- Waterview
- Coordinates: 29°41′27″S 152°54′15″E﻿ / ﻿29.6908°S 152.9042°E
- Population: 90 (2021)
- Postcode(s): 2460
- Elevation: 4 m (13 ft)
- Time zone: AEST (UTC+10:00)
- • Summer (DST): AEDT (UTC+11:00)
- Location: 7 km (4 mi) W of Grafton
- LGA(s): Clarence Valley Council
- Region: Northern Rivers
- State electorate(s): Clarence
- Federal division(s): Page

= Waterview, New South Wales =

Rual locality of Grafton, News South Wales

Waterview is a small rural locality in the Northern Rivers region of New South Wales, Australia.
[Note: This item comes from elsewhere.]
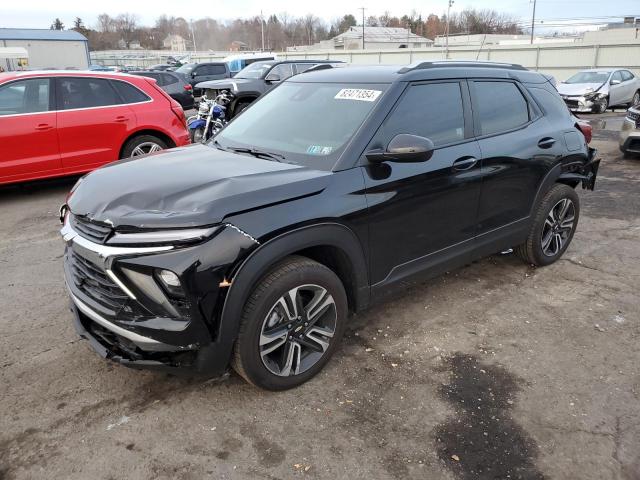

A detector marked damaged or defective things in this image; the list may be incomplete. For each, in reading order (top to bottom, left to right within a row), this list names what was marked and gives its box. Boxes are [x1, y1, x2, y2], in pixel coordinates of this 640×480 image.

damaged front bumper [60, 216, 258, 376]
It is situated approximately 7 kilometres west of Grafton along the Gwydir Highway its located right before the bigger neighbouring locality of Waterview Heights.

== Demographics ==
The 2021 census, Waterview has a population of 90.

The 2016 census, Waterview had a population of 79.

== Transport ==
The locality is accessible from South Grafton via the Gwydir Highway which is the only main road that runs through. The nearest airport is located the Clarence Valley Regional Airport. Busways operates two routes that stop at the one bustop in Waterview from Grafton to Jackadgery/Cangai and to Copmanhurst.